■ Work item: Copy only the lines between the one containing "GDB5082 TRW Pastillas freno traseras" and the end of the records, both included, leaving out pictures.
%%
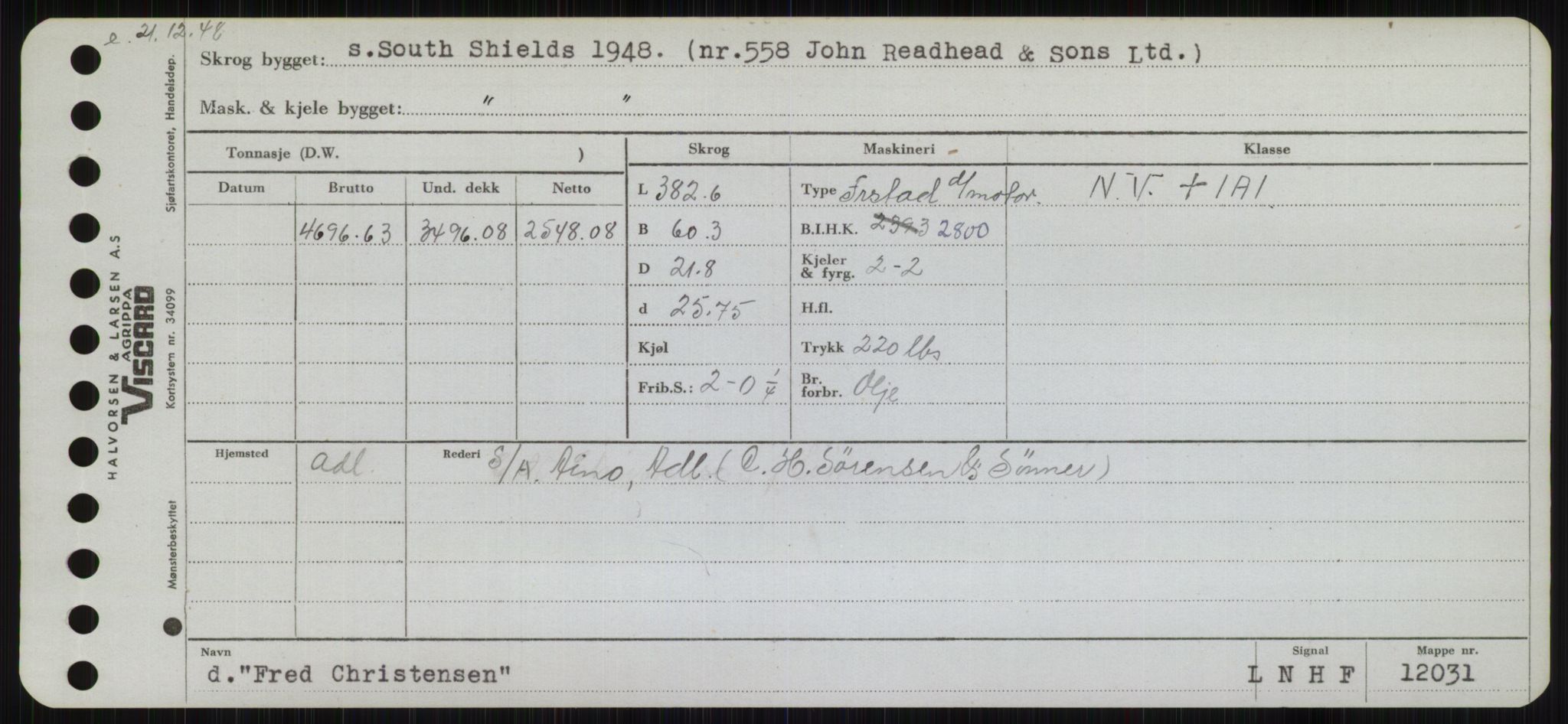 Sjøfartsdirektoratet med forløpere, Skipsmålingen, AV/RA-S-1627/H/Hb/L0002: Fartøy, E-H, p. 171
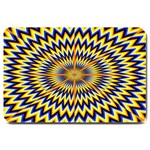 Illusion Head Idea Irritation Large Doormat  30 x20  Door Mat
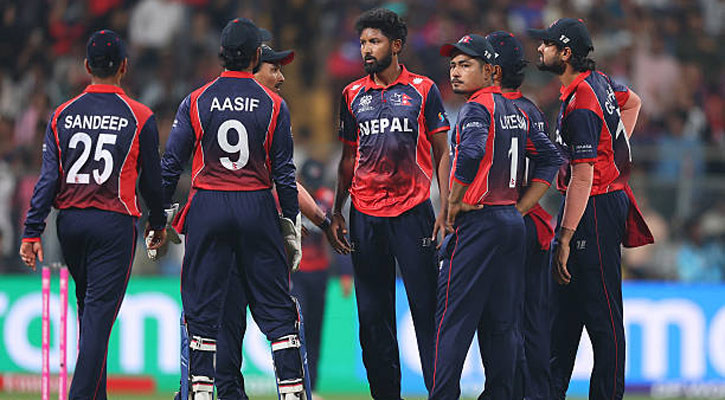 ওয়াংখেড়েতে রোমাঞ্চ ছড়িয়ে স্কটল্যান্ডকে হারাল নেপাল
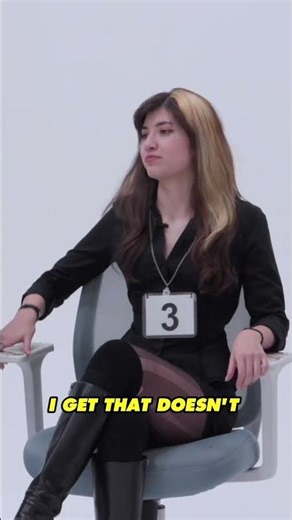 match the chair to the person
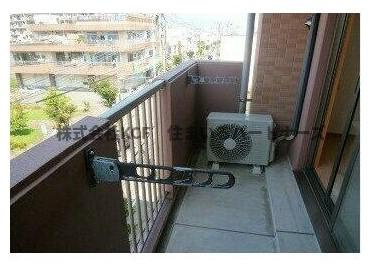 サウスヒルズのバルコニー|バルコニー付きです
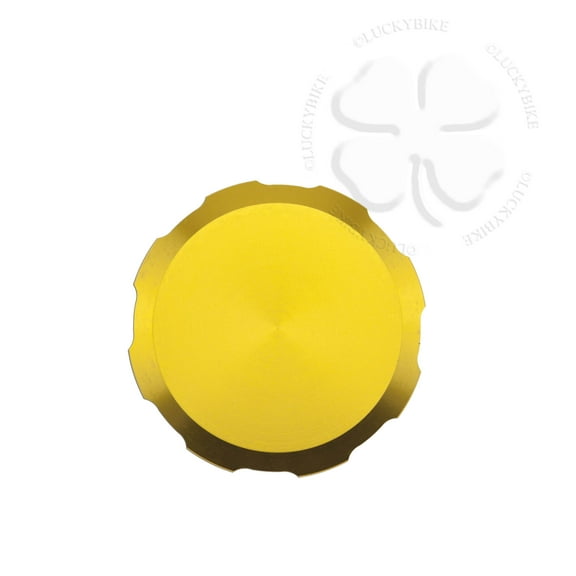 52mm CNC Reservoir Cap Gold For Honda CBR 600 RR 07-14 Lid Fluid Brake Clutch
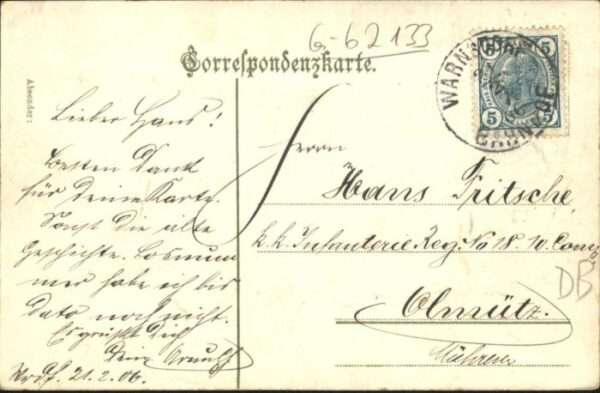 Warnsdorf Varnsdorf Boehmen Warnsdorf i. B. – Bild 2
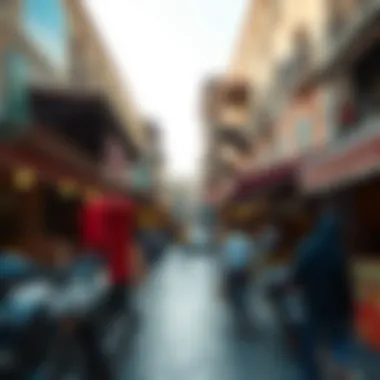 Investment opportunities displayed in the Old Market context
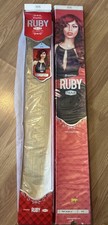 100 Human Brazilian Hair Ext. 22  inches. Color 613. 1 Pack For 100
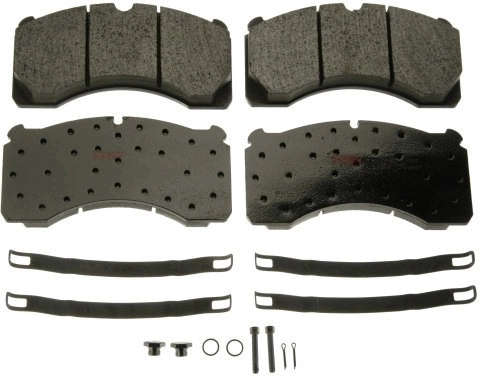 GDB5082 TRW Pastillas freno traseras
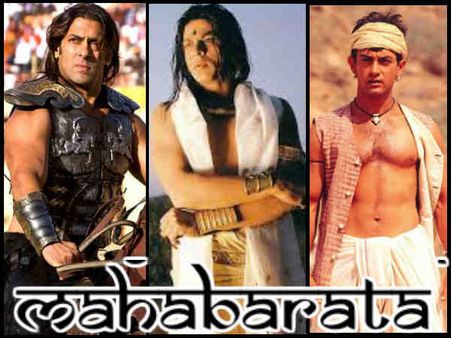 महाभारत की CASTING - शाहरूख - सलमान - आमिर होंगे - कृष्ण - अर्जुन और कर्ण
%%
■ Answer box:
 GDB5082 TRW Pastillas freno traseras
 महाभारत की CASTING - शाहरूख - सलमान - आमिर होंगे - कृष्ण - अर्जुन और कर्ण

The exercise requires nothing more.